Starting example probabilistic programming
x := 0
y := 0
while (x^2 + y^2 <= 10^2)
  y := y+1 [0.5] y-1
  x := x+1 [0.5] x-1

Random walk. Does it terminate?
AST = Terminates with probability 1 (Almost Sure Termination)
PAST = Finite expected runtime (Positive Almost Sure Termination)
Previous work had proof rules to classify programs that are PAST or AST (via some kind of
constraint-based ideas). This work relaxes this to add the caveat of eventually by
restricting the syntax of the programs:

Acyclic variable dependencies in loop bodies
Polynomial updates allowed

Hard part is to compute bounds on program variables (that are written as monomials)
Classic technique for determinstic programs is to represent imperative loops as recurrence
relations and use a recurrence relation solver to get a closed-form expression for how
variables behave (asymptotic bounds). But in the probabilistic setting this needs generalising to stochastic
recurrences where there is a kind of 'cone' of bounds.

Treat all variables as a single variable to create a monomial
Solve the 'inhomogeneous' parts recursively (does inhomogeneous = heterogeneous?)
(this terminates because there are no cycles in the dependencies of loop dependencies)
Gives us an asymptotic lower-bounding function and upper-bounding function

This feels like it can be used in deterministic programs with conditionals to computer lower- and
upper bounds: I asked this and Marcel seemed positive about that idea (he pointed out that
probabilities become not that relevant anymore when they are doing the solving part described above).
This was a very clear talk.
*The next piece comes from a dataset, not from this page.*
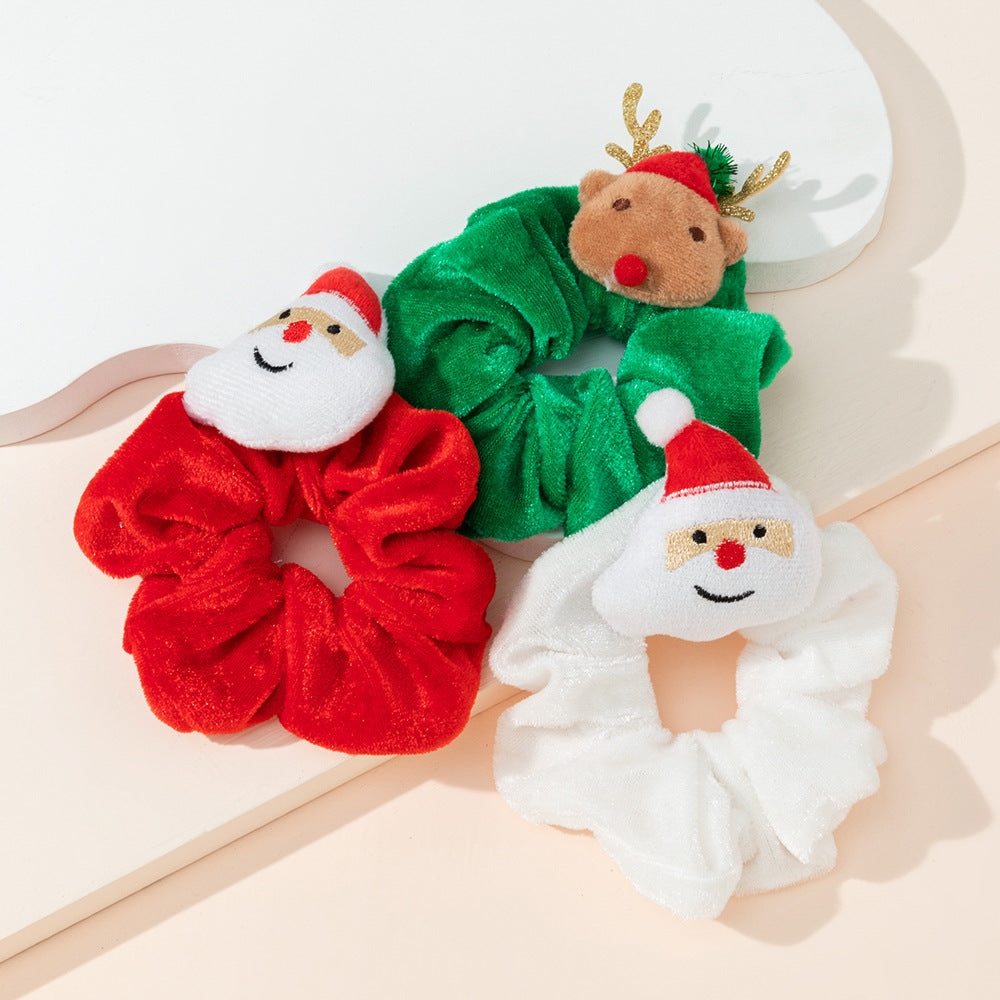 Christmas Velvet Scrunchies - Santa Claus and Deer Hair Ties - Korean Bun - product image 23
I learnt quite a bit!
Correctness of Sequential Monte Carlo Inference for Probabilistic Programming Languages, Daniel Lundén et al.
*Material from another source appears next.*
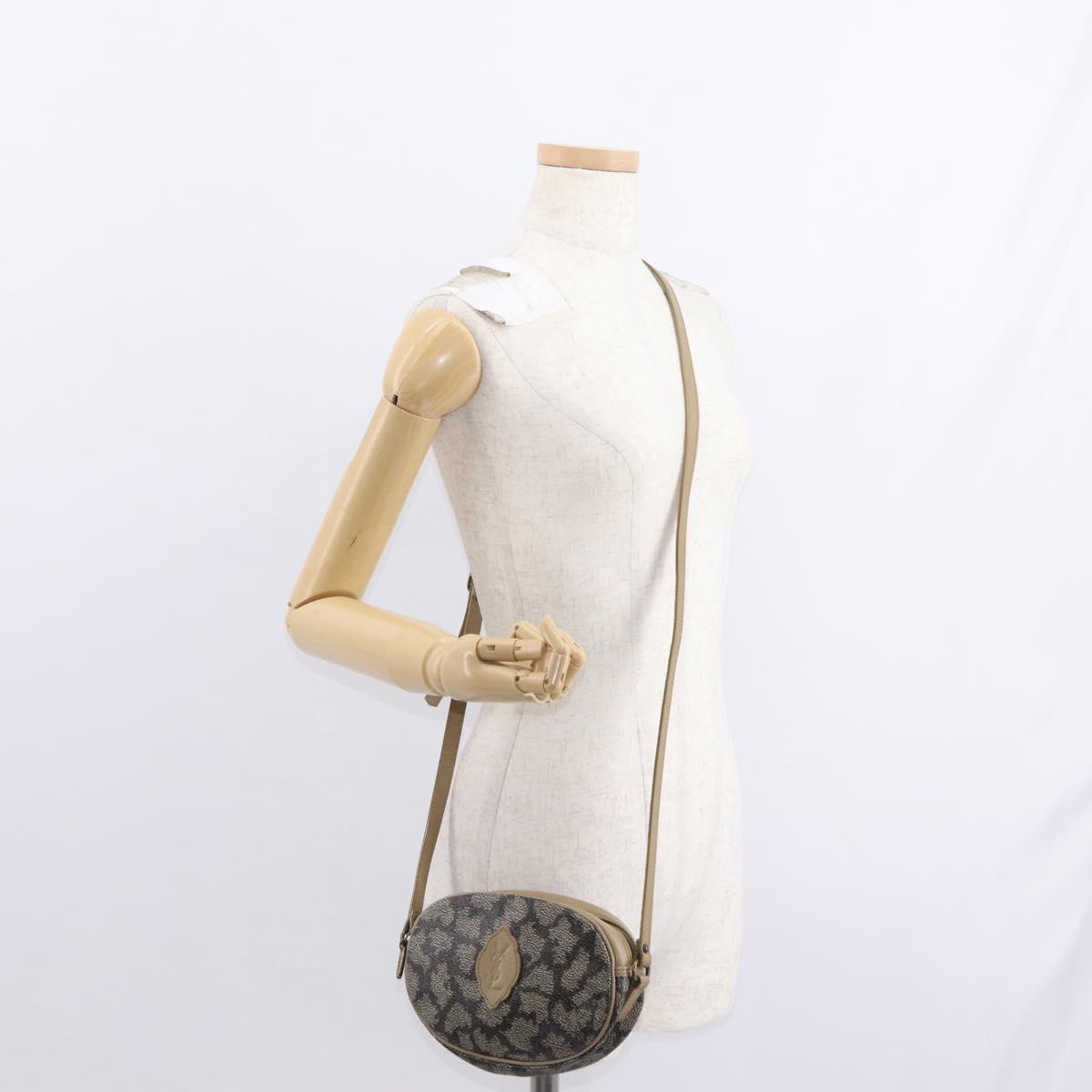 SAINT LAURENT Shoulder Bag PVC Leather Beige Auth am9701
Probabilistic models are popular in many fields in the form of inference problems (see in things like
Machine Learning, Phylogenetics, Topci modelling).
Workflow: user writes an inference problem as a program, compiler applies inference algorithm to this, e.g.
Sequential Monte Carlo (SMC), Markov chain Monte Carlo (MCMC), and others.
Problem: when should resampling be performced during SMC? This seems to be done after the 'weight'/'score'
procedure in most dominate approaches (in Probabilist Programming Languages, PPLs), but with some slight variations.
Essentially there is a tradeoff: runtime overhead vs. inference accuracy, and a question: how does it affect
the correctness of the result?
Contributions:

Extended Borgström et al. ICFP 2016 calculus with a 'resample' construct.
Relate this (in what way?) to a generic SMC formulation
Extends SMC correctness result to the calculus
Oh no I missed this one.

Previous focussed more on algorithm implementation and efficiency rather than correctness (although SMC correctness
has been studied somewhat before). There was a nice related work summary here.
Example: model of aircraft localisation.
Initial position X0 ~ U(0,100)   (uniform distribution)
Transition model: Xn ~ N(Xn_1 + 2, 1)   (normal distribution capturing velocity + 2)
Observation model: Yn ~N(elevation(Xn), 2)  (normal distribution with noise)
Problem: Estimate X_n | Y_{0:n}
How is SMC inference applied:
1. Take a bunch of initial samples
2. "Weigh" samples using the observational model -
and resample (sample from the samples) and throw away the ones with non-zero weight
3. Propagate the samples forwards
4. Eventually this helps us determine the correct position
The meat is in step 2. The setup is then based on an untyped
lambda calculus + (real?) arithmetic + sampling (sample_N(0, 1) = draw a random sample
from normal distribution with mean 0 and variance 1) + weight (observe) + resample
(I guess we can see weight/resample/sample as effectful operations).
SMC is approximating a target distribution, so adding resample into our program should
help us converge to this. Theorem : if the number of calls to resample has an upper
bound N then we converge to the target distribution after N. There were a couple
of other theorems I didn't capture here.
Previous correctness results were extended to their calculus9 (nice) and the 'bootstrap particle
filter' was formalised in this approach.
Untypedness is key so that recursion is directly encoded.
Bayesian strategies: probabilistic programs as generalised graphical models, Hugo Paquet

Graphical model = directed graph of random variables (with their types) where edges = dependencies
between the variables. e.g., if no edge between two nodes then independent.
P(A,B,C) = P(A) * P(B|A) * P(C|A) if we know that the B depends on A and C depends on A only.
We can associate distributions then to these variables. e.g., with the above dependency structure
then we may have that:
A = sample (Normal 0 1)
B = sample (Poisson A)
C = sample (Normal A 1)

(note the dependency here in the probability distribution functions). Dependency is a static property
that can be thus represented in this graphical way.
But what about capturing data-flow and control-flow dependencies (these are two kinds of dependency):
add another kind of edge to capture the control flow.
The observation here is that these graphs are (Bayesian) event structures:

A set of nodes (with measure space)
Control-flow relation
Data-flow relation
Probability disitribution per node (I guess this is the Bayesian part)
Conflict relation (used to model branching where there are two copies of a node to represent a random
variable occuring in two control flow branches: draw a conflict edge between the two copies).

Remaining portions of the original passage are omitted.